By the year 2000, Daniels, who is based in Mooresville, Indiana, had expanded his equipment fleet to include three skidders, three rubber-tired loaders, a semi-truck and trailer. Business was good, and his volume in timber of all kinds grew to about 1.5 million board feet of timber per year.
Today, Daniels is more selective about the timber he harvests. It's more profitable to focus on harvesting high-grade hardwood and veneer logs - walnut, white oak, cherry, and red oak. So his annual volume is reduced to less than 1 million board feet, but his profit has climbed by 50 percent.
"These days I pick and choose my tracts more carefully," says Daniels. "In the early years I was trying to build volume. I thought I had to harvest every tree I could in central Indiana."
What People Want.
In fact, Daniels has carved out a niche as a logger with smaller equipment that doesn't make a big footprint on the land. "Most loggers have larger equipment, larger log landings, larger trails and larger access roads," says Daniels. "I can do low-impact logging with smaller equipment, smaller landing, smaller trails, and smaller access. That's what people want when they select-harvest these 10- to 100-acre tracts in central Indiana."
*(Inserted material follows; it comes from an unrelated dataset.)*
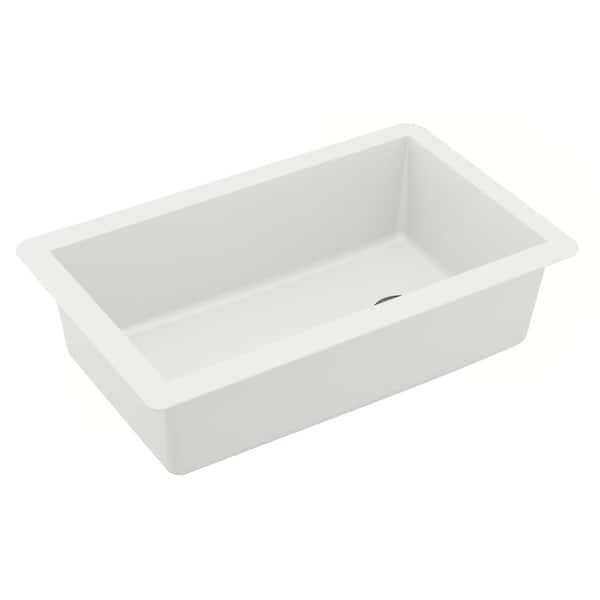 Undermount Quartz Composite 32 in. Single Bowl Kitchen Sink in White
That explains why Daniels likes his Volvo L35 compact loader so much. After the skidders drag logs to the landing, the compact loader sorts and stacks the logs. "With the loader I can sort logs into 10 or 12 decks, but a knuckleboom loader couldn't do that - it has limited reach," says Daniels.
The compact Volvo L35 features low ground pressure, yet it can lift and load heavy logs. Most of the timber Daniels cuts is large-diameter hardwood; he doesn't do pulpwood or tracts of small timber. "A lot of land owners are impressed with how I can move logs out with this loader, then use it to clean up the landing and the trails," says Daniels. "A knuckleboom loader can just load logs. It can't carry logs or clean up the landing."
In the late 1990s, the state of Indiana began requiring loggers to implement Best Management Practices (BMPs). Those include grading for grass seeding, placing mulch in selected areas, and building water bars and installing rip-rap for erosion control. Water bars are small terraces that control soil erosion by slowing and diverting the downhill flow of storm-water.
"This Volvo loader gives me the versatility to handle all those tasks," says Daniels. "When the state implemented BMPs, I didn't have to buy any new equipment. Some people say that to build a water bar you need a bulldozer. But I say I can build a better water bar with this Volvo loader, because in certain situations I can compact and smooth the water bar and then install rip-rap. With a dozer you couldn't do all those things."
Daniels bought the Volvo L35 in January 1999. He had run non-Volvo loaders, but says he likes the L35 the best. "I like the quick-attach forks and bucket," says Daniels. "It has good maneuverability and features excellent visibility. Other loaders were slow and heavy and would compact the farm fields. This loader has the traction and the clearance to go into the woods and build water diversion bars.